> _WHAT NEEDS TO BE DONE_:
Wherever the listing has a line with the string "Audi", copy that line out.

--- --- ---

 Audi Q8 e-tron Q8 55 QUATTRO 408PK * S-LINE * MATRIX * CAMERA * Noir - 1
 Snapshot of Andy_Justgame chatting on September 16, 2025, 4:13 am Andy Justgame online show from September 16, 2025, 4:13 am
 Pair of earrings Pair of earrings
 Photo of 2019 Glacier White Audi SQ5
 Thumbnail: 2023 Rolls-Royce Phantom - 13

--- --- ---

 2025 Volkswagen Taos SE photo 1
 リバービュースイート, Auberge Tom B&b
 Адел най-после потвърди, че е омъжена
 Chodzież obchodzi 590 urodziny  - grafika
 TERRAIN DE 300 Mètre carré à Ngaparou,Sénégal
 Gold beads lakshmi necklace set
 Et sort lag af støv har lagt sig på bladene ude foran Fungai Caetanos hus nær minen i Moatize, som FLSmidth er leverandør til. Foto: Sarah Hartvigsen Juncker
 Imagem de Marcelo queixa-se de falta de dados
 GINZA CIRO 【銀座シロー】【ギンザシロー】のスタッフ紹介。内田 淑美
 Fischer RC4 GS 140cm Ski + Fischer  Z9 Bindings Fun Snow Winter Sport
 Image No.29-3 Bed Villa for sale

--- --- ---

> _TASK ANSWER_:
 Audi Q8 e-tron Q8 55 QUATTRO 408PK * S-LINE * MATRIX * CAMERA * Noir - 1
 Photo of 2019 Glacier White Audi SQ5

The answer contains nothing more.